# D&D Forums - Is EN World now the biggest?



## Olaf the Stout (Jan 27, 2016)

I'm guessing when the WotC forums were in operation they were the biggest D&D forums on the internet.  Now that they have gone bye-bye, does this mean that EN World is the biggest D&D forum around?

I'm guessing that RPG.net is a bigger roleplaying forum, but their D&D forum is likely smaller than EN World.

Just curious.


----------



## Lwaxy (Jan 27, 2016)

I didn't consider the WoTC forums that big, or active. At least the few times I went there it was rather slow going.


----------



## PlzBreakMyCampaign (Dec 13, 2016)

Lwaxy is correct. 339 imploded and all the users went to BG/minmax.com

I wasn't aware there was much activity on enworld besides saving things from the long defunct WotC forums. For instance, I don't see a new handbook on the forum with largest clumping of D&D, while there was a new samurai handbook on minmax yesterday.


----------



## Morrus (Dec 13, 2016)

I can't speak for any other forums - I know there are very large Facebook groups and Reddit groups and stuff. We have about 200,000 members, nearly 7-million posts, and get a few thousand posts per day and several million visits per month, but I couldn't tell you how that stacks up. We usually have between 1,000 and 2,000 users online at any given time (right now it's 1,155).
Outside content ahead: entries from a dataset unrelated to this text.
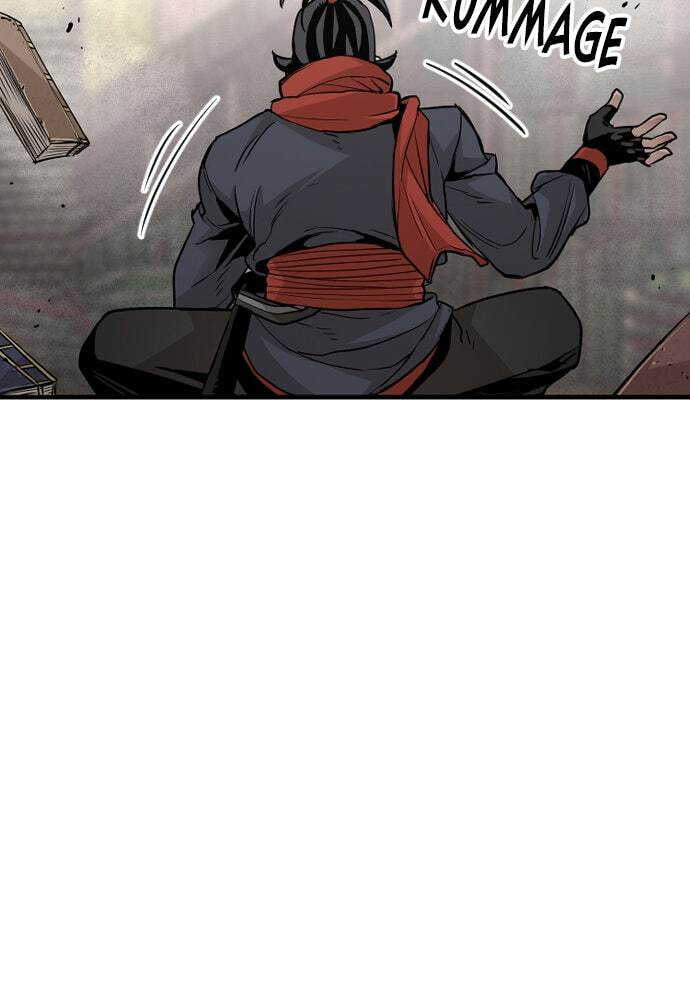 Murim RPG Simulation Chapter 12 page 53 - 
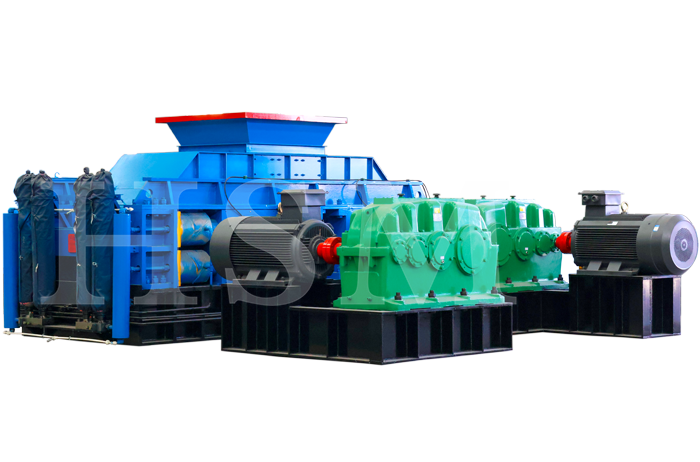 對(duì)輥破碎機(jī)對(duì)輥破碎機(jī)、河卵石制砂機(jī)、石頭制砂機(jī)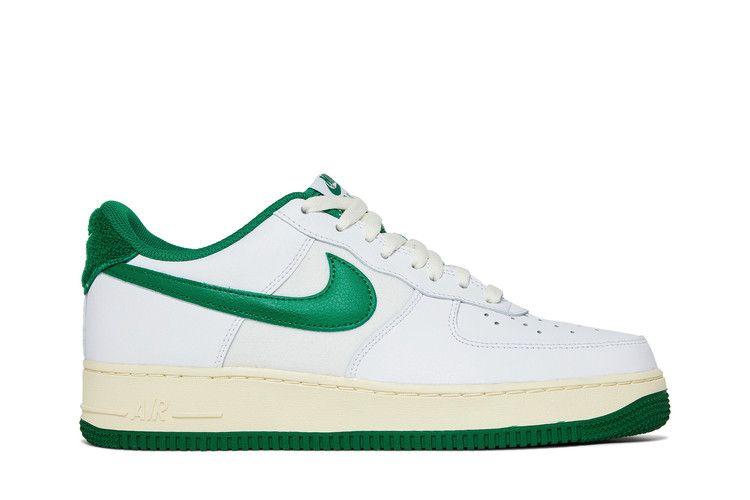 Nike Air Force 1 Low '07 White Pine Green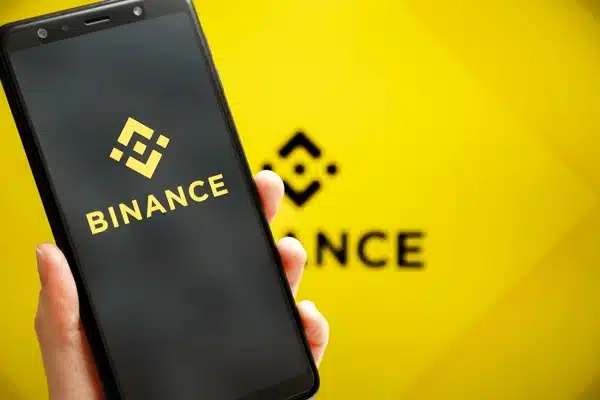Binance Wallet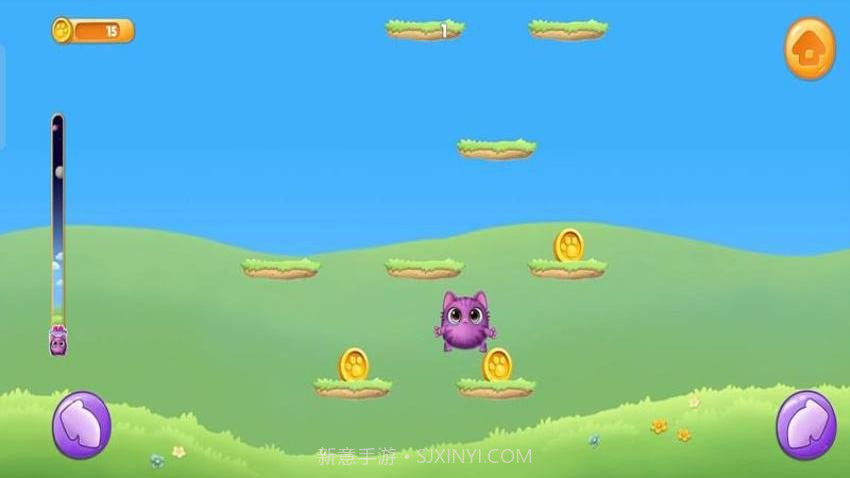 梦幻宠物欢乐屋去更新版截图2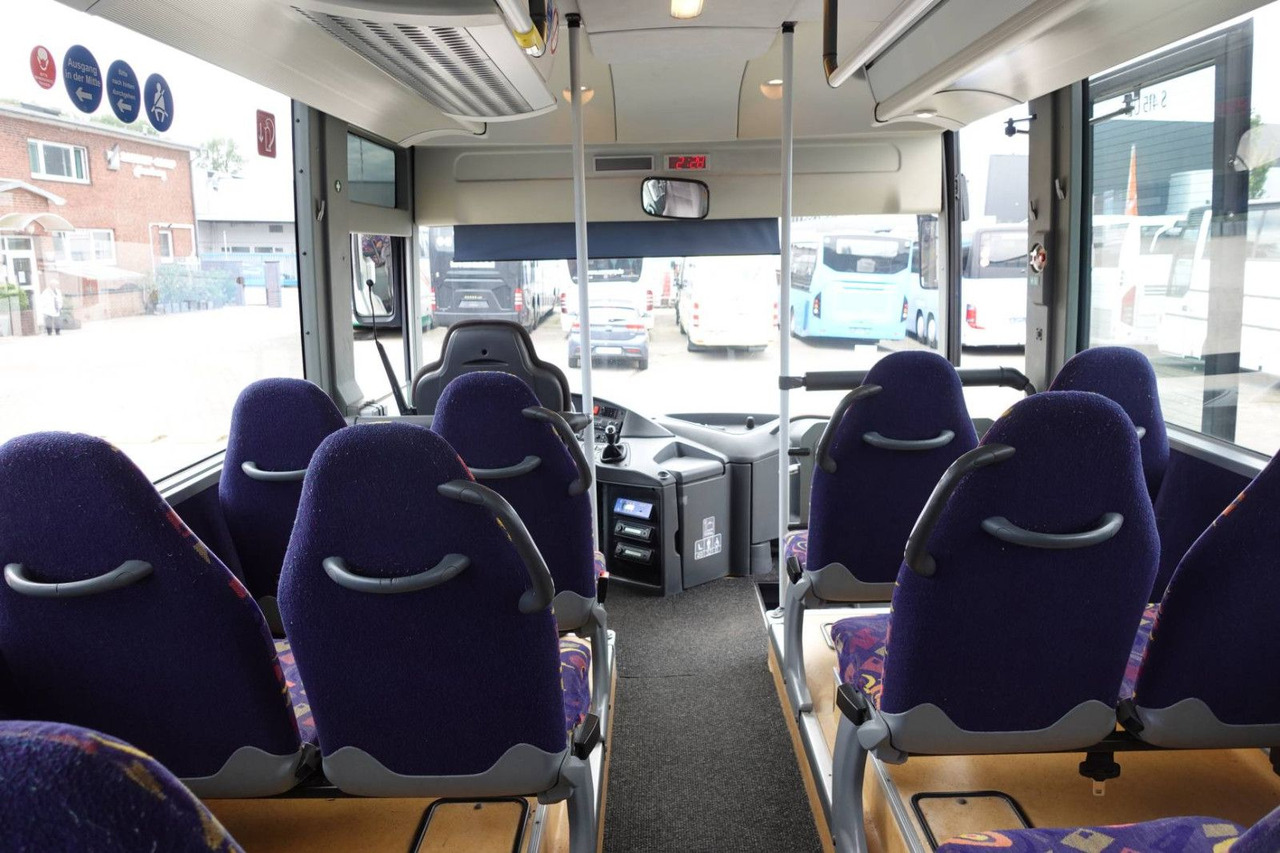 Autobús suburbano Setra 415 UL *Euro5*Klima*Integro*Intouro*: foto 39 Autobús suburbano Setra 415 UL *Euro5*Klima*Integro*Intouro*: foto 39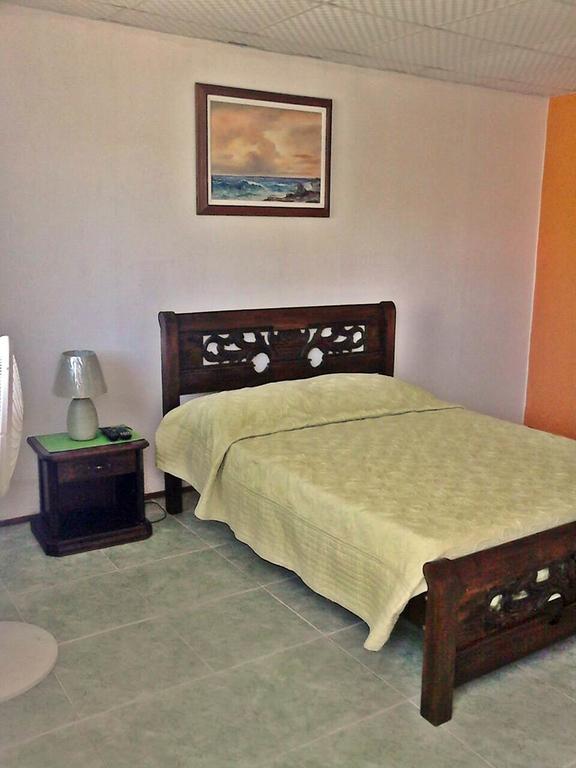 Hotel Posada Donde Pilo Avila San Andrés Zimmer foto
Alexa (not that I'd rely on those stats for anything) puts EN World at global site rank 35,920; RPGnet at 53,939; minmax boards at 305,036; and Giant in the Playground in the lead at 11,648. 

If you count Pathfinder, Paizo slips in ahead of us but behind GitP at 25,907.

I would agree that RPGnet's non-D&D forum is more active (ours is very quiet), but our D&D forum is more active. That's pretty much been true for the last 16 years.


----------



## Morrus (Dec 13, 2016)

(I'd agree that while the WotC forums were the biggest about a decade ago, they were a shadow of their former selves when they closed).


----------



## pdzoch (Dec 13, 2016)

Morrus said:


> I would agree that RPGnet's non-D&D forum is more active (ours is very quiet), but our D&D forum is more active. That's pretty much been true for the last 16 years.




I think this is the strength of EN World, and I think it is fairly consistent with Eric's original vision for the site. I think those focused on D&D find their home here best compared to the other sites.  Especially after the poorly managed WOTC site closed.  The traffic on the other sites are so diverse (game-wise) it can almost become distracting (if not overwhelming) for anyone who primarily plays D&D in one of its several editions.


----------



## CapnZapp (Dec 14, 2016)

PlzBreakMyCampaign said:


> Lwaxy is correct. 339 imploded



I had to google that:

_"339" refers to the pre-Gleemax Character Optimization forums, because of the number in the board's URL._

So Plz is talking about the WotC boards, or at least the WotC boards at a certain time.


----------